Friday, January 25, 2013

Experian for All or Encrypt Your Archives

I have just signed up with Experian to have my credit activity monitored. It was free; free that is to all who submitted a South Carolina state tax return in the last fifteen years. If you are attuned to corporate computer security, you probably heard about how a hacker made off with 3.8 million tax returns from the South Carolina Department of Revenue. Anyway, to make good on their after-the-hack responsibility, SCDOR offered free credit monitoring for a year from Experian, and credit resolution for life. Free to individuals, but we South Carolina taxpayers will still be footing the bill; and what is worse, we may be faced with identity theft and credit harm due to this data loss.

When I was at my dentist recently, he asked if the book I wrote dealt with this, “Expert Oracle and Java Security”. I answered “yes, and it’s too bad Governor Haley didn’t read it before this happened.” Actually the folks who work in SCDOR should have been up on security, not necessarily the Governor; but the Governor has been the spokeswoman for the official response. Unfortunately, she said these things: “The industry standard is most Social Security numbers are not encrypted. A lot of banks don’t encrypt… It’s very complicated. It’s very cumbersome. There’s a lot of numbers involved with it.” So I associate her with the problem.

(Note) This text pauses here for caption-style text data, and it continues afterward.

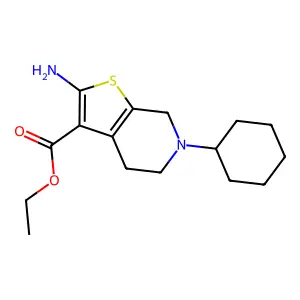 Ethyl 2-amino-6-cyclohexyl-4,5,6,7-tetrahydrothieno[2,3-c]pyridine-3-carboxylate structure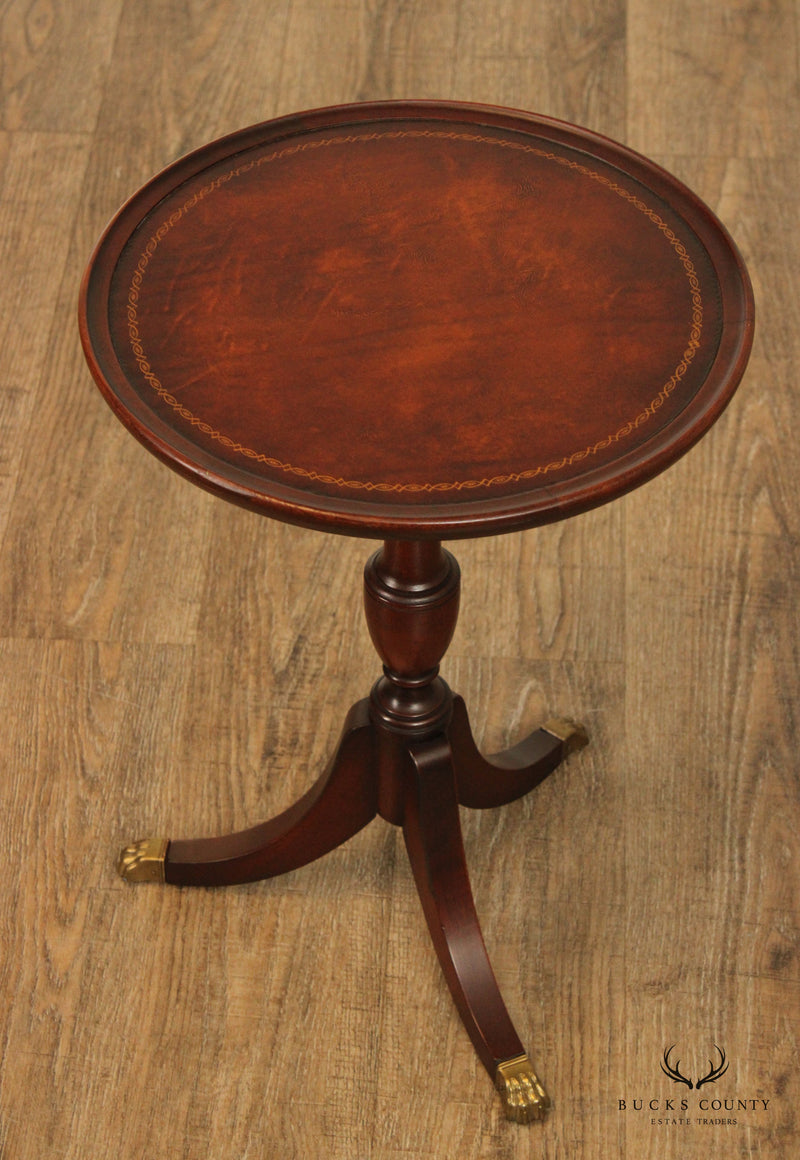 Imperial Furniture Empire Style Round Mahogany Leather Top Wine Table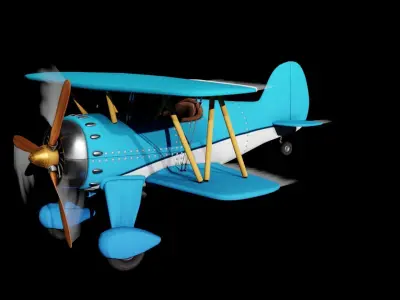 Airplane biplane 3D model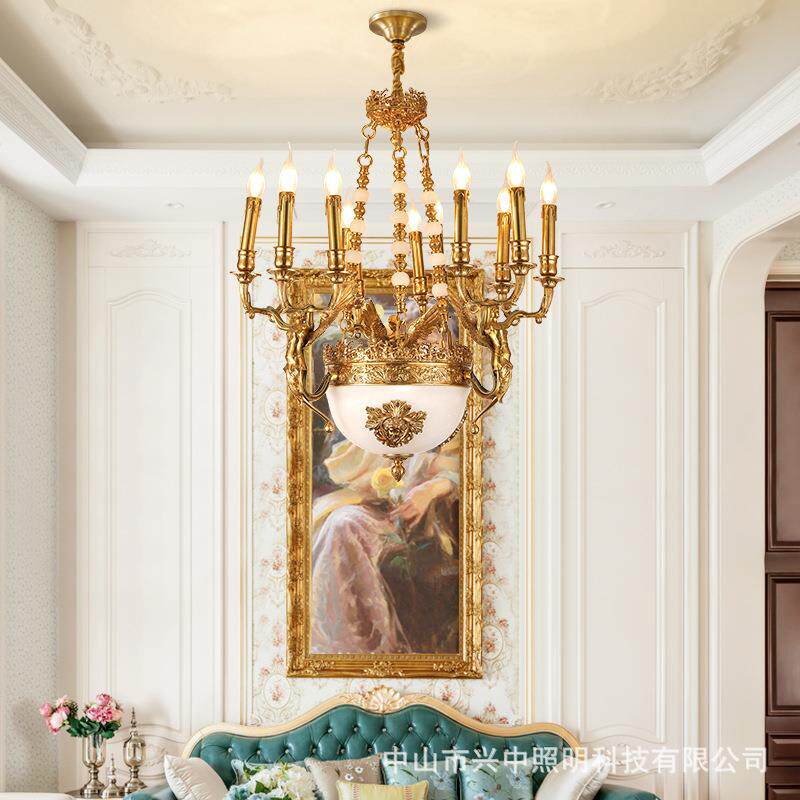 法式全铜艺术云石吊灯欧式复古奢华别墅卧室书房客厅灯饰新古典灯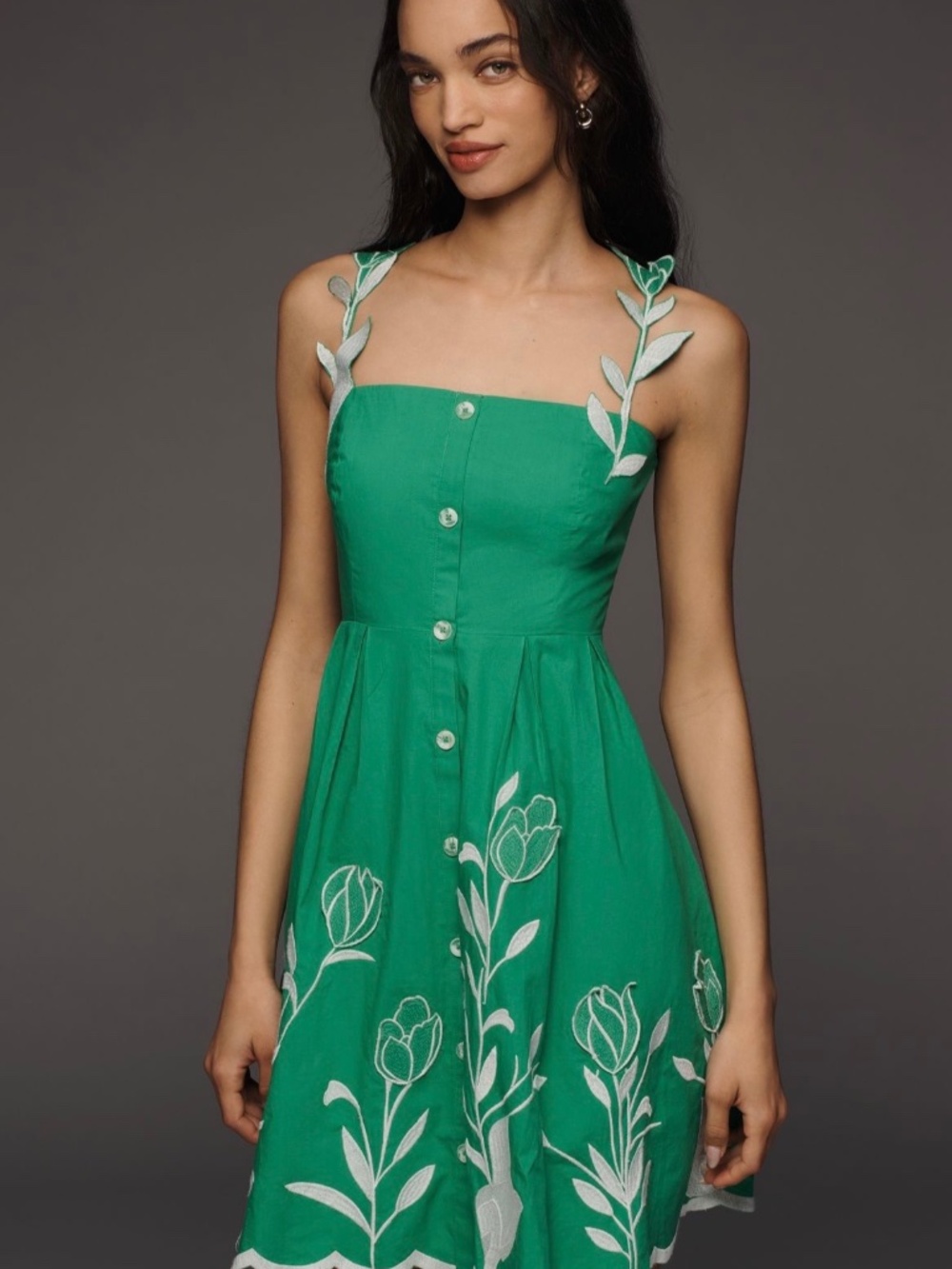 Anthropologie Maeve 3D Floral Sleeveless Midi Dress 2x NWT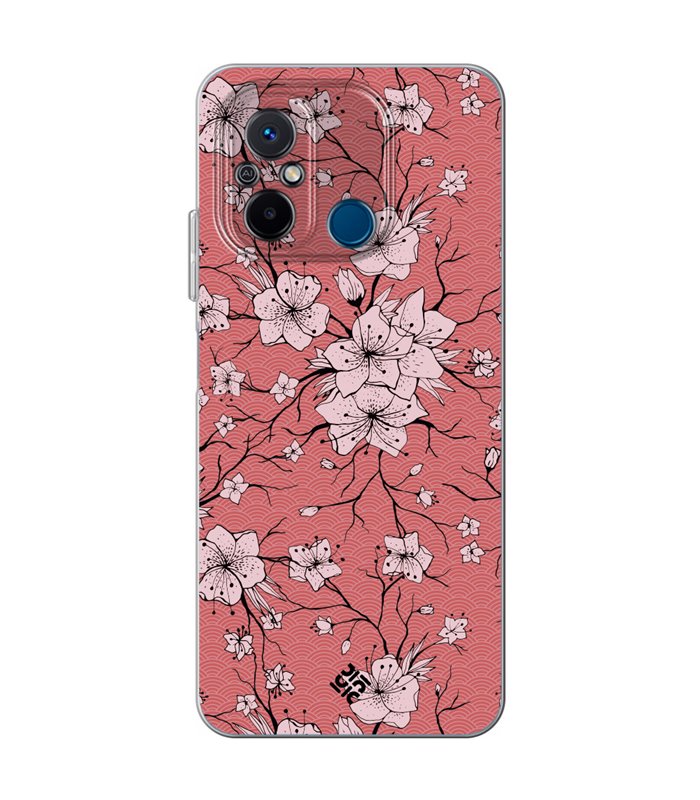 Funda para [ Xiaomi Redmi 12C ] Dibujo Botánico [ Flores sakura con patron japones ] de Silicona Flexible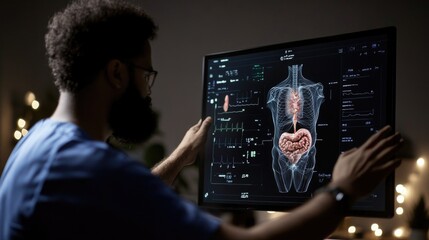 African adult male analyzing medical data on digital display with human anatomy visualization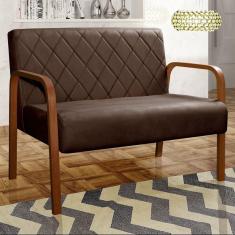 Imagem de Sofá 2 Lugares Namoradeira Lara Decoração Sala Quarto Recepção Marrom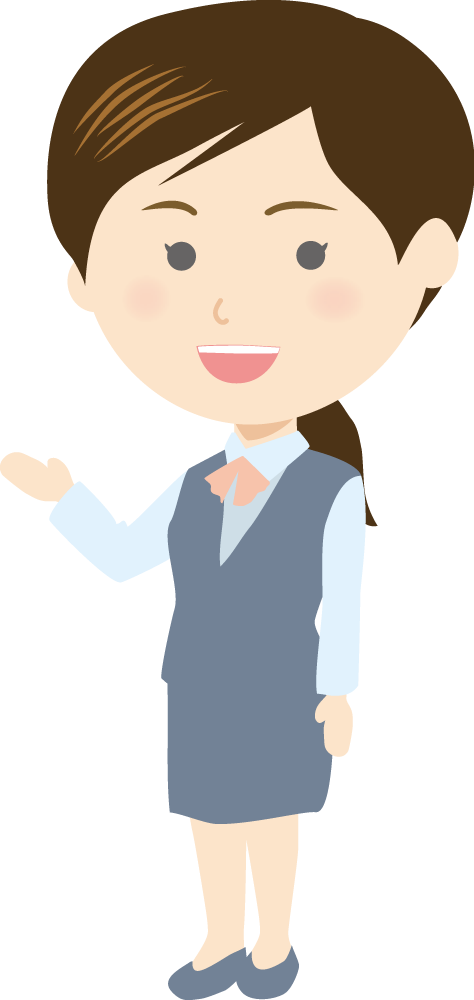 ご案内する銀行員女性 無料イラストに写真・文字を入れる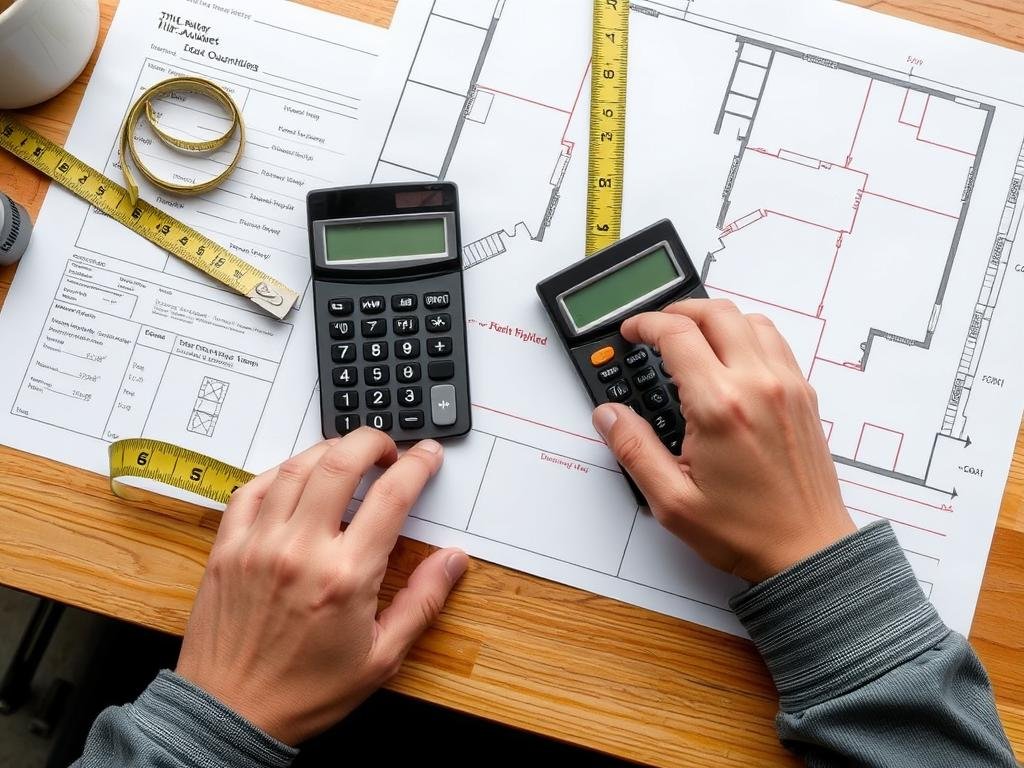 Person calculating tile quantities with calculator and floor plan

The only difficulty with encryption is analysis. I believe that even on a system the size of the South Carolina Revenue system, the analysis should only take a few weeks. To you readers, I want to say that you also have no excuse to delay analyzing your system and then encrypt the sensitive data.

After discussing encryption in my book -- encryption over the wire, encryption on disk and hardening the encryption process -- I wrote a supplement that deals specifically with encryption of archived data. I proposed a scenario where a corporate policy required deletion of unneeded sensitive data from archive records, and encryption of any remaining sensitive data. I want to share a simplified version with you now. We will use the sample Sales History (SH) schema (the archive of the sample Order Entry (OE) schema) that comes with Oracle 11g. I will be skipping a lot of analysis and further technical information in this article (like single sign-on, 2-factor authentication, key storage and PL/SQL Wrapping) that you can find in my book. Hopefully, you have already mitigated SQL Injection and applied solid database security, also covered in the book.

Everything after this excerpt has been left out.